◆ **Supplied records**
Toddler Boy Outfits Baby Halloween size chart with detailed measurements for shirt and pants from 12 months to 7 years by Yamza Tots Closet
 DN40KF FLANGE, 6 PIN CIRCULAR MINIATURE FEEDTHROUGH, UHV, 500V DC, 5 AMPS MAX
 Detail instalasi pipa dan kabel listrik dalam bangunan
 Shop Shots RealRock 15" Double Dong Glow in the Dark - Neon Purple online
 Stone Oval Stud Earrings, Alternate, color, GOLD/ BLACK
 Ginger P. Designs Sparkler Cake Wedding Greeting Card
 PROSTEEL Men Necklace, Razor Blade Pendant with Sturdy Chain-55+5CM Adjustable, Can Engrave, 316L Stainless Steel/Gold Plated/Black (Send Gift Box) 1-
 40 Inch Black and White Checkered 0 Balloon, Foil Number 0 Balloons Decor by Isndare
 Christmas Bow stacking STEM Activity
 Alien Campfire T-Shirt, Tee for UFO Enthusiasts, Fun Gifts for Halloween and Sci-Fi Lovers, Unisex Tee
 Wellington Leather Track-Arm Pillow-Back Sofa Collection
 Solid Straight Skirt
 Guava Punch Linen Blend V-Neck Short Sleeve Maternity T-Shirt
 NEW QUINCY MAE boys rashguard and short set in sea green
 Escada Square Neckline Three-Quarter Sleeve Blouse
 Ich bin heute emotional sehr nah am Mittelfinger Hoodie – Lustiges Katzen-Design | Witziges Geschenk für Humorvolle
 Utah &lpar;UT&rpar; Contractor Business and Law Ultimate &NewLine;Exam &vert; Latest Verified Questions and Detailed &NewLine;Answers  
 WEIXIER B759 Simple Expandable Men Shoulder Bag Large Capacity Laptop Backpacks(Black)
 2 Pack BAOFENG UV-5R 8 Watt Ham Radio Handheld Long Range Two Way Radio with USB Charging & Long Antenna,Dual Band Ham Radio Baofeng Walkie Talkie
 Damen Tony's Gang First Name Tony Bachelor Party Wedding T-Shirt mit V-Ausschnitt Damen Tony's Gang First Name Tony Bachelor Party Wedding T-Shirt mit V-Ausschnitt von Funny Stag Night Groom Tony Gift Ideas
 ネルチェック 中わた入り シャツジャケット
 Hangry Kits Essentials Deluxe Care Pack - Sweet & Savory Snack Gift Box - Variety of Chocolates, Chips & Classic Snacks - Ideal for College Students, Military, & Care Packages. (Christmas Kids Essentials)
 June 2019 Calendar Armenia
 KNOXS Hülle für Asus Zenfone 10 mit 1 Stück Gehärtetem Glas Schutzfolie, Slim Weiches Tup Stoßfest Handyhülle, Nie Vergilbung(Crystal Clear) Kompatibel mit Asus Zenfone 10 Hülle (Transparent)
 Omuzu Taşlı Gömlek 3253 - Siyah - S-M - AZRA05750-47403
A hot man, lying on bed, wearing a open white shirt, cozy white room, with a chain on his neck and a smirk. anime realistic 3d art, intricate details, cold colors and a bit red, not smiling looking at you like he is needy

◆ **What you have to do**
Return the listing above in full, character for character.

◆ **Result**
Toddler Boy Outfits Baby Halloween size chart with detailed measurements for shirt and pants from 12 months to 7 years by Yamza Tots Closet
 DN40KF FLANGE, 6 PIN CIRCULAR MINIATURE FEEDTHROUGH, UHV, 500V DC, 5 AMPS MAX
 Detail instalasi pipa dan kabel listrik dalam bangunan
 Shop Shots RealRock 15" Double Dong Glow in the Dark - Neon Purple online
 Stone Oval Stud Earrings, Alternate, color, GOLD/ BLACK
 Ginger P. Designs Sparkler Cake Wedding Greeting Card
 PROSTEEL Men Necklace, Razor Blade Pendant with Sturdy Chain-55+5CM Adjustable, Can Engrave, 316L Stainless Steel/Gold Plated/Black (Send Gift Box) 1-
 40 Inch Black and White Checkered 0 Balloon, Foil Number 0 Balloons Decor by Isndare
 Christmas Bow stacking STEM Activity
 Alien Campfire T-Shirt, Tee for UFO Enthusiasts, Fun Gifts for Halloween and Sci-Fi Lovers, Unisex Tee
 Wellington Leather Track-Arm Pillow-Back Sofa Collection
 Solid Straight Skirt
 Guava Punch Linen Blend V-Neck Short Sleeve Maternity T-Shirt
 NEW QUINCY MAE boys rashguard and short set in sea green
 Escada Square Neckline Three-Quarter Sleeve Blouse
 Ich bin heute emotional sehr nah am Mittelfinger Hoodie – Lustiges Katzen-Design | Witziges Geschenk für Humorvolle
 Utah &lpar;UT&rpar; Contractor Business and Law Ultimate &NewLine;Exam &vert; Latest Verified Questions and Detailed &NewLine;Answers  
 WEIXIER B759 Simple Expandable Men Shoulder Bag Large Capacity Laptop Backpacks(Black)
 2 Pack BAOFENG UV-5R 8 Watt Ham Radio Handheld Long Range Two Way Radio with USB Charging & Long Antenna,Dual Band Ham Radio Baofeng Walkie Talkie
 Damen Tony's Gang First Name Tony Bachelor Party Wedding T-Shirt mit V-Ausschnitt Damen Tony's Gang First Name Tony Bachelor Party Wedding T-Shirt mit V-Ausschnitt von Funny Stag Night Groom Tony Gift Ideas
 ネルチェック 中わた入り シャツジャケット
 Hangry Kits Essentials Deluxe Care Pack - Sweet & Savory Snack Gift Box - Variety of Chocolates, Chips & Classic Snacks - Ideal for College Students, Military, & Care Packages. (Christmas Kids Essentials)
 June 2019 Calendar Armenia
 KNOXS Hülle für Asus Zenfone 10 mit 1 Stück Gehärtetem Glas Schutzfolie, Slim Weiches Tup Stoßfest Handyhülle, Nie Vergilbung(Crystal Clear) Kompatibel mit Asus Zenfone 10 Hülle (Transparent)
 Omuzu Taşlı Gömlek 3253 - Siyah - S-M - AZRA05750-47403
A hot man, lying on bed, wearing a open white shirt, cozy white room, with a chain on his neck and a smirk. anime realistic 3d art, intricate details, cold colors and a bit red, not smiling looking at you like he is needy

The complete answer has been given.